Prematuro em AME: Fe elementar 2mg/kg/dia do 1º ao 12º mês, depois 1mg/kg/dia até o 24º mês.
Lactentes pré-termos, especialmente aqueles em aleitamento materno exclusivo, têm maior risco de deficiência de ferro devido às menores reservas ao nascimento e ao rápido crescimento. A recomendação padrão para prevenir a anemia ferropriva é iniciar a suplementação com ferro elementar a partir do primeiro mês de vida, com doses e duração específicas que se estendem até os 24 meses, adaptando-se às necessidades do desenvolvimento.
A deficiência de ferro e a anemia ferropriva são problemas de saúde pública significativos em crianças, especialmente em lactentes. Os lactentes pré-termos são particularmente vulneráveis devido a fatores como menores estoques de ferro ao nascimento (a maior parte da transferência placentária de ferro ocorre no terceiro trimestre), rápido crescimento pós-natal e, muitas vezes, aleitamento materno exclusivo, que, embora seja a melhor fonte de nutrição, não supre totalmente as necessidades elevadas de ferro desses bebês. A profilaxia da deficiência de ferro em prematuros é uma medida crucial na puericultura. As diretrizes atuais preconizam a suplementação com ferro elementar. Para lactentes nascidos prematuros, a recomendação é iniciar a suplementação a partir do 1º mês de vida, com uma dose de 2 mg de ferro elementar/kg/dia. Essa dose deve ser mantida até o 12º mês de vida. Após o primeiro ano, a dose é geralmente reduzida para 1 mg de ferro elementar/kg/dia, continuando até os 24 meses de vida, para garantir a manutenção dos estoques de ferro e prevenir a anemia. É fundamental que residentes e profissionais de saúde compreendam a importância e as especificidades dessa suplementação. A adesão correta às doses e à duração é essencial para evitar as consequências negativas da deficiência de ferro no desenvolvimento infantil, que incluem comprometimento cognitivo, motor e imunológico.
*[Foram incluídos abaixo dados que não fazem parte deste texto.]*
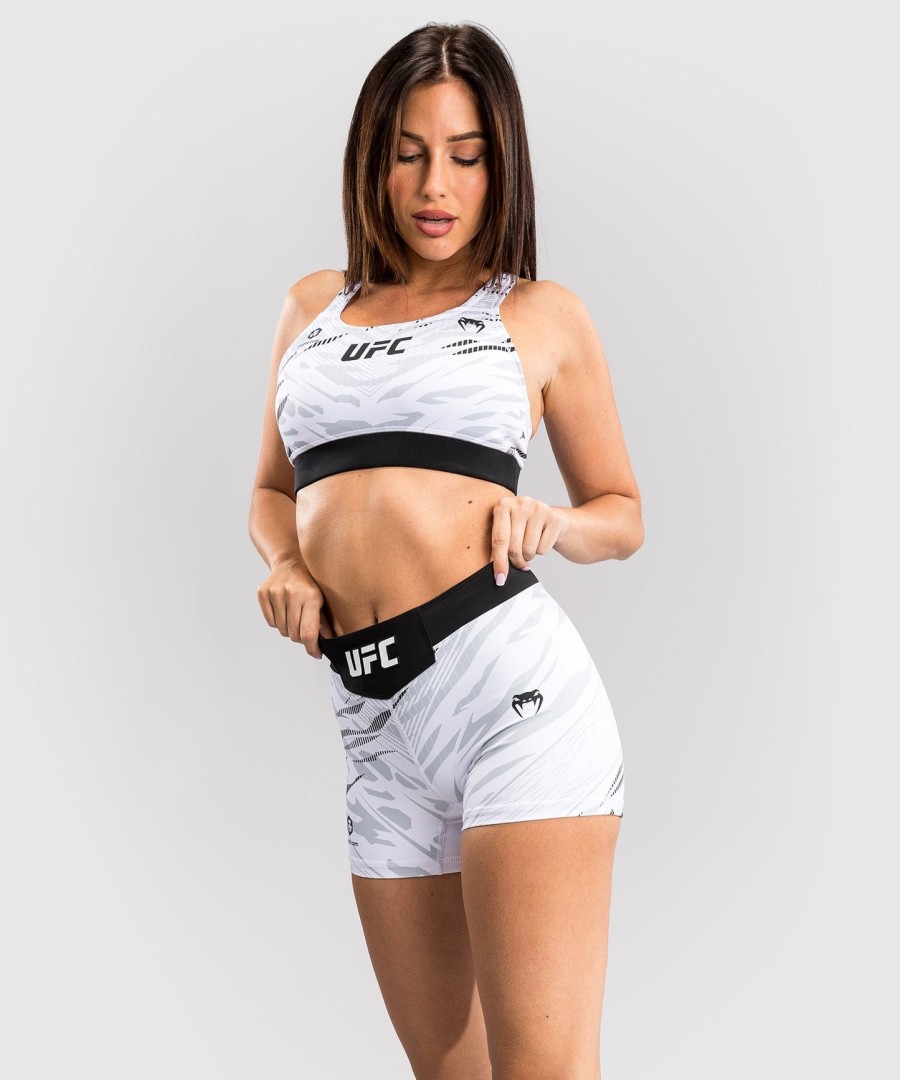 ufc fusion by venum authentic fight night damen vale tudo short – kurze passform – weiß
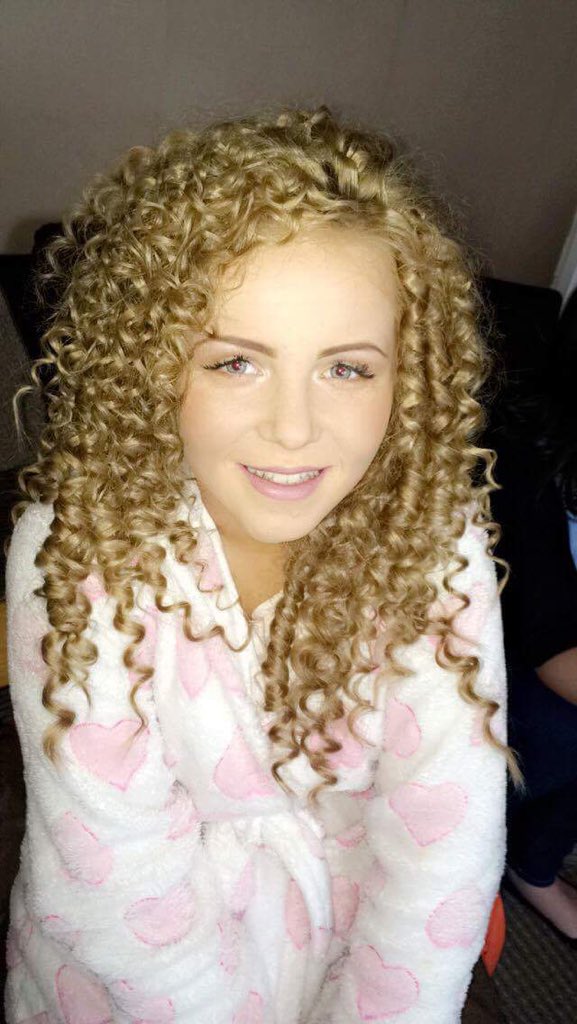 roxyrox1984's tweet photo. #curly hair  #chopstick curls  # https://t.co/1UiMycDR2A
A orientação aos pais sobre a administração do suplemento e a importância de não interromper o tratamento precocemente são partes integrantes do cuidado pediátrico.
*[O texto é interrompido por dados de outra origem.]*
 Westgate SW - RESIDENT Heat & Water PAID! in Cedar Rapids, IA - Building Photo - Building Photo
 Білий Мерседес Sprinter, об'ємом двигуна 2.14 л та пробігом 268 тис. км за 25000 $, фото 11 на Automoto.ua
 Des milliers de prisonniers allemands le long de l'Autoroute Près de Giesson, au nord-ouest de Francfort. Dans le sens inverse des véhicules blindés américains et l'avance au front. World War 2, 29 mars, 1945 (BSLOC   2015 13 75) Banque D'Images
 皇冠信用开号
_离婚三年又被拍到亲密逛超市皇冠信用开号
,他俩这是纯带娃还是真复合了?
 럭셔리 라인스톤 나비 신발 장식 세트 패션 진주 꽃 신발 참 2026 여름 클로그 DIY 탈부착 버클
Lactentes pré-termos nascem com menores reservas de ferro devido à interrupção precoce da transferência placentária e têm um rápido crescimento pós-natal, que aumenta a demanda por ferro. O leite materno, embora ideal, não fornece ferro suficiente para suprir essas necessidades aumentadas, tornando a suplementação essencial para prevenir a anemia ferropriva.
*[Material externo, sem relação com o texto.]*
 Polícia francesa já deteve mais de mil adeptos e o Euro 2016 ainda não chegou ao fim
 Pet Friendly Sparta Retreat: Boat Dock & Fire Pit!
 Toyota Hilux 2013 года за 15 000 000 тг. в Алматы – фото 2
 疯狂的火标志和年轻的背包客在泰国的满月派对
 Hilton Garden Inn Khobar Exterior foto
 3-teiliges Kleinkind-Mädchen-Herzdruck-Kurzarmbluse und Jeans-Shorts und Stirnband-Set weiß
Para prematuros, a recomendação geral é iniciar com 2 mg de ferro elementar/kg/dia a partir do 1º mês de vida até o 12º mês. Após o 1º ano, a dose pode ser reduzida para 1 mg de ferro elementar/kg/dia, continuando até os 24 meses de vida, ou conforme avaliação pediátrica individualizada.
A deficiência de ferro em lactentes pode levar à anemia ferropriva, que afeta o desenvolvimento neuropsicomotor, cognitivo e comportamental da criança. Pode também comprometer o sistema imunológico, aumentando a suscetibilidade a infecções, e impactar o crescimento físico.